New Delhi, June 4, 2022: The Delhi High Court has observed that the exception stated under Section 22(2) of the Apprentices Act, 1961 would be applicable in cases where the employer has explicitly incorporated a mandatory condition in the apprentice contract, as per which the apprentice would be required to serve the employer after the successful completion of the training.
Observing that merely because at one stage, the respondent company thought that it would be beneficial to absorb these apprentices, cannot be construed as any estoppel against the respondents from taking a plea that they do not now deem it appropriate at this stage to either absorb the apprentices, the Single Bench of Justice Rekha Palli dismissed the petition instituted by the petitioners.
The facts relevant for perusal of the present petition were that an advertisement was issued by the second respondent for recruitment of 150 accounts apprentices . Consequently, the petitioners applied for the said post and were selected for the same in the interview process.
Thereafter, the apprentices received the extension of their apprenticeship period for a period of six months. The extension letter specified that the said extension was final, apprehending the same, the petitioners submitted representations to the respondents seeking their absorption as Administrative Officer. However, no steps were taken by the respondent, thus to question the same, the petitioners approached the present Court.
After considering the submissions of the parties at length , the Court first and foremost took into consideration Section 22 of the Apprentices Act,1961 on the foundation of which the petitioners presented their case. On a simple reading of the aforesaid Section, the Court opined that Section 22 (1) gives the employer the freedom to formulate its policy for recruitment of apprentices and therefore, there is generally no obligation on an employer to absorb the apprentices. However, Section 22(2) makes an exception and deals with a situation where the apprenticeship contract incorporates a condition making it mandatory for the apprentices to serve the employer after the successful completion of the training; in such a situation, there is indeed an obligation on the employer to offer suitable employment to the apprentice after the completion of the apprenticeship period.
Thus, the question for consideration before this Court was whether there was any such condition in the contract between the parties, which would fall within the ambit of Section 22(2) of the Act. In view of the same, the Court noted that the petitioners contended that both the advertisement and the letter had the above stated condition attached; however, the respondents denied the same. Thus, to reach a conclusion, the Court deemed it fit to refer to relevant extracts of the appointment letter, the advertisement, service conditions and the apprentice bond.

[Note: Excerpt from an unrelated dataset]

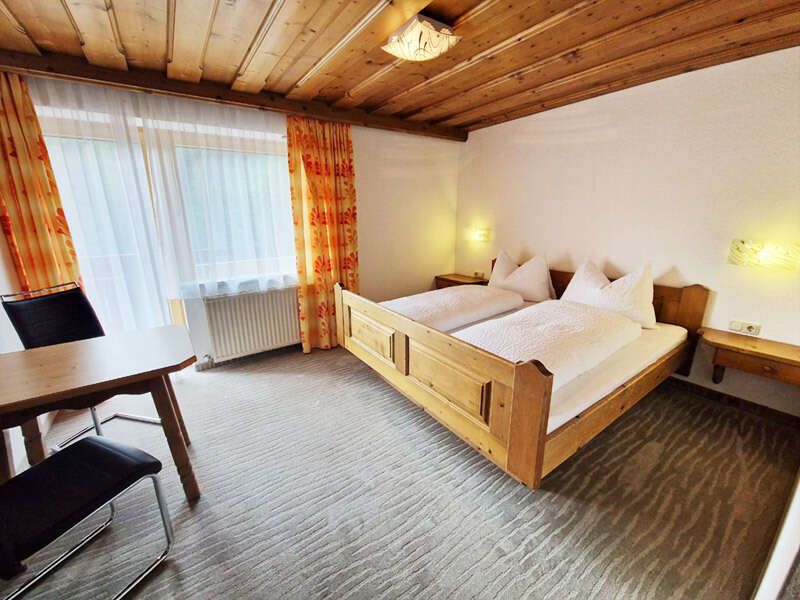 Room with double bed, seating area and balcony in Apartment 3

After pursuing the above mentioned set of documents, the Court observed that there was no clause mentioned in the advertisement that the petitioners would be absorbed as Scale 1 officers after completing their apprenticeship period. On the contrary, the last para of the service conditions set out in the advertisement, clearly stated that it was not obligatory on the part of the respondent company to offer any employment to any apprentice after completion of their apprenticeship. The respondent company had, in fact, clearly reserved its right to decide whether to absorb any suitable candidate as Scale I Officer, the Court noted. Similarly, the clause relating to the apprenticeship bond was referred to wherein a bond limited to the period of apprenticeship which was initially fixed as two years, though with a provision for extension at the discretion of the respondents was vividly mentioned.
With respect to the appointment letters, the Court concluded that there was nothing stated in the appointment letter, favoring the contention of the petitioners. Indeed clause 3 of the appointment letter specified a bond period of only one year.
Next with respect to the plea of the petitioners that that once the the Chairman-cumManaging Director through his letter dated June 3, 2021 issued to the Department of Financial Services, Ministry of Finance, written with the approval of the Board, sought permission for absorption of the accounts apprentices in the cadre of Scale 1 officers, the Court observed that the mere fact that at one stage, the respondent company thought that it would be beneficial to absorb these apprentices, cannot be construed as any estoppel against the respondents from taking a plea that they do not now deem it appropriate at this stage to either absorb the apprentices.
Further the Court dealt with the contention of discrimination of the petitioners with the actuarial apprentices. On the same, the Court opined that the same was not acceptable on two grounds: firstly, as stated by the respondents there was no acute shortage of trained actuarial personnel as compared to accounts personnel, secondly and more importantly, the Court stated it is not as if there was any bar in law, which would prevent an employer from absorbing any category of apprentices as it deems fit. The respondents had explained that, keeping in view the shortage of trained actuarial apprentice personnel, a considered decision has been taken to absorb the Actuarial Apprentices engaged by the respondent company.
However, keeping in view the availability of sufficient numbers of trained accounts personnel, no such decision to absorb the Accounts Apprentices was deemed appropriate. This certainly cannot be said to be discriminatory or arbitrary, the Court remarked. In light of the aforesaid observations, the Court writ petition was dismissed on account of being meritless.